The ride over to Alexander Valley, and then down to Napa Valley and back is nice. Lots of vineyards.


----------



## fogman (Mar 6, 2008)

tmanley said:


> I'm planning to be in the Healdsburg area in a week [snip].
> Any suggestions on what roads to use and which to avoid is greatly appreciated.
> 
> -Thanks, Todd


Does Ross' Hill Climb go to the end of Pine Flat Road? That's a bugger.

'tis the season to do the Geyser's Loop. Not too warm. Longer than perhaps you want to ride ... sorta boring b/w Cloverdale and Healdsburg directly. I prefer clockwise from Healdsburg.


----------



## numbnutz (Mar 14, 2005)

i did a great ride there last summer that i recommend. 

from town, go west on mill which turns into westside road past the freeway.
turn right on W. Dry Creek. 
Go a ways, then right on Lambert Bridge
Right on Dry Creek Road
Left on Lytton Springs
Left on Lytton Station and follow to Alexander Valley Rd./ CA 128
Follow 128 all the way through Alexander Valley and into Knights Valley
Right on Franz Valley. Climb over the mountain
Right on Porter Creek, turns into Mark W. Springs Rd.
Right Turn on Old Redwood Highway -- follow this back to H'burg.

If you don't want to go that far, you can skip the W. Dry Creek part of the ride and just take Old Redwood Hwy north from town until you hit Alexander Valley Rd / 128 and pick it up from there.


----------



## tmanley (Jul 31, 2005)

It's been 10 years since I was last on CA 128...how's the shoulder for riding?


----------



## Leopold Porkstacker (Jul 15, 2005)

If you like long hilly climbs and snaking descents I’d suggest going up out toward the coast via Skaggs Springs Road. Bucking feautiful out there. One hell of a ride. Oh yeah, and while in Healdsburg, be sure to stop by Seghesio for some of the best zinfandel you’ll ever have.


----------



## tmanley (Jul 31, 2005)

Seghisio is our first stop on Saturday morning!


----------



## ukiahb (Jan 26, 2003)

tmanley said:


> It's been 10 years since I was last on CA 128...how's the shoulder for riding?

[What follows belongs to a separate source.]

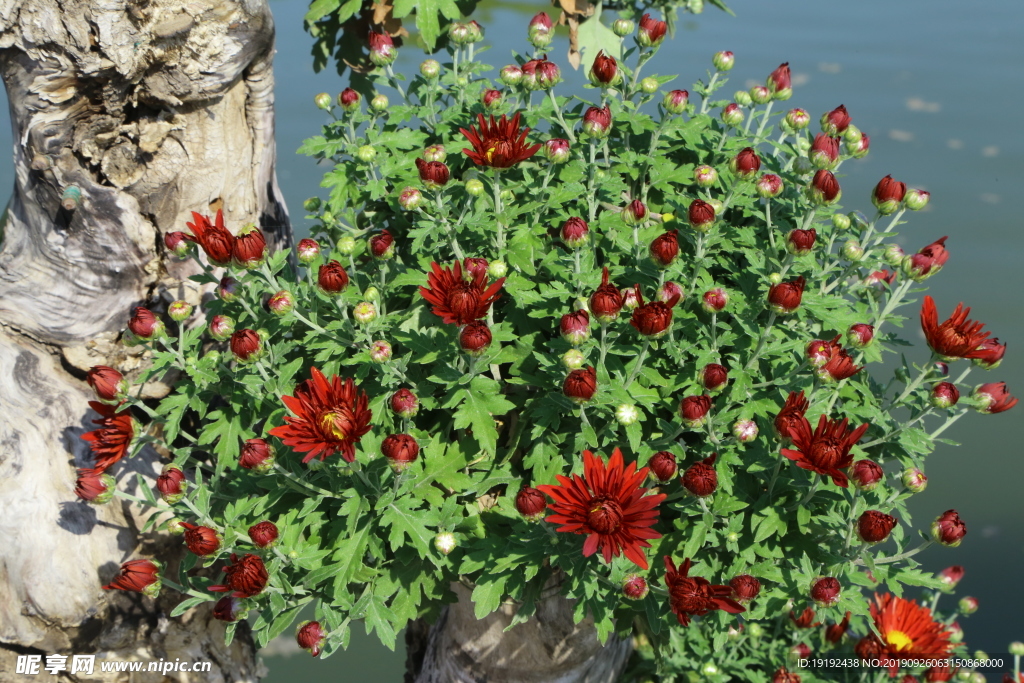 菊花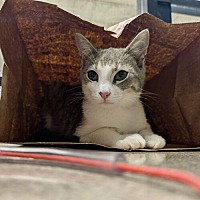adopt a pet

NO shoulder in lots of places, plus a casino has been built in the meantime which has greatly increased traffic. Anyway, there are many good wine country routes (also sourced from the SRCC) at http://go.northbay.pressdemocrat.com/clip/outdoors.cfm?activity=Cycling


----------



## tmanley (Jul 31, 2005)

I ended up doing 2 rides while up in Healdsburg. The first was up Dry Creek road to Lake Sonoma. Upon reaching the lake I continued up Rockpile Road. Hard climbing, but a great road with no traffic in the early morning. The second ride was over and through the Alexander Valley area then over Chalk Hill Rd. toward Windsor. Both were great and I look forward to visiting the area again.


----------



## Leopold Porkstacker (Jul 15, 2005)

tmanley said:


> I ended up doing 2 rides while up in Healdsburg. The first was up Dry Creek road to Lake Sonoma. Upon reaching the lake I continued up Rockpile Road. Hard climbing, but a great road with no traffic in the early morning. The second ride was over and through the Alexander Valley area then over Chalk Hill Rd. toward Windsor. Both were great and I look forward to visiting the area again.

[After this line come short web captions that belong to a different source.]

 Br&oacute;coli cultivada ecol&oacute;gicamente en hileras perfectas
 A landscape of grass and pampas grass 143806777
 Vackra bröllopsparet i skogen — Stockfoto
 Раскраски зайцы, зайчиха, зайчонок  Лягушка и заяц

Rockpile area is where the best zin grapes grow. Sounds like a helluva ride you had! I wouldn’t recommend those sorts of rides in the middle of July though, as it gets into the triple digits Fahrenheit that time of year.


----------



## mcwenzel (Jun 9, 2006)

This is an old post but thought I would chime in on Pine Flat Road since not much comes up in the search. Thought I would try it out this weekend given the relatively cool weather.

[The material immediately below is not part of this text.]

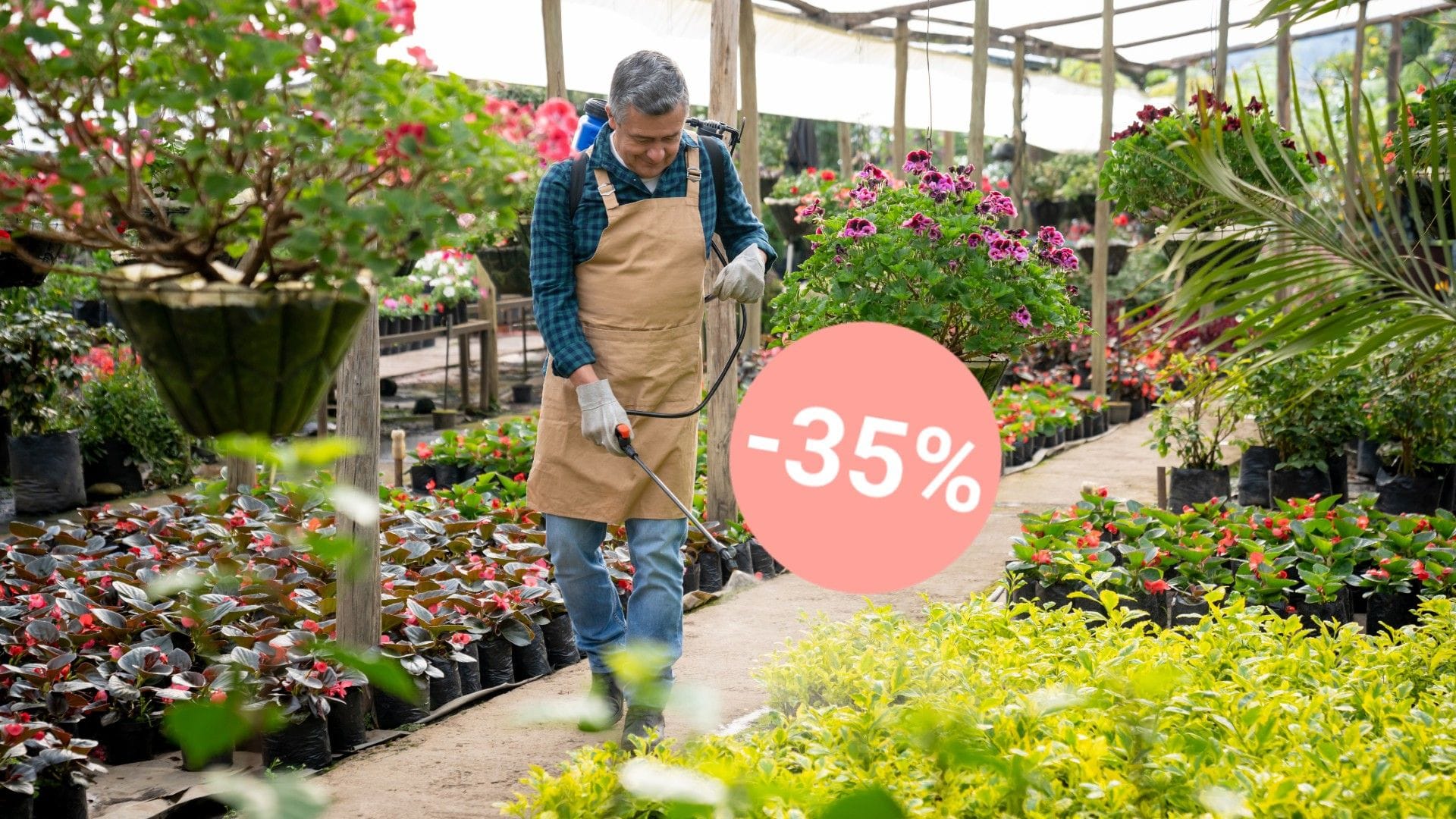 Mit gezielter Schädlingsbekämpfung stellen Sie sicher, dass Ihr Obst und Gemüse gesund bleibt und nicht ungenießbar wird. (Synbolbild)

Started in Windsor and road Chalk Hill to 128 to Pine Flat Road. Weather was perfect, fog just burning off as I started the climb. The climb really starts mellow and the first 7.5 miles only had a few steep pitches and I was taking if fairly easy. Around mile 7.5 there was a slight downhill with a tailwind before the road heads up again.

The last mile or so kicked my ass. I have ridden up pretty steep grades in San Francisco and Redwood Gulch but this was the first time I considered getting off the bike. I had to weave back and forth to make it up but there was gravel on each side of the road that narrowed the path. Here is a picture just before I hit the steepest grade.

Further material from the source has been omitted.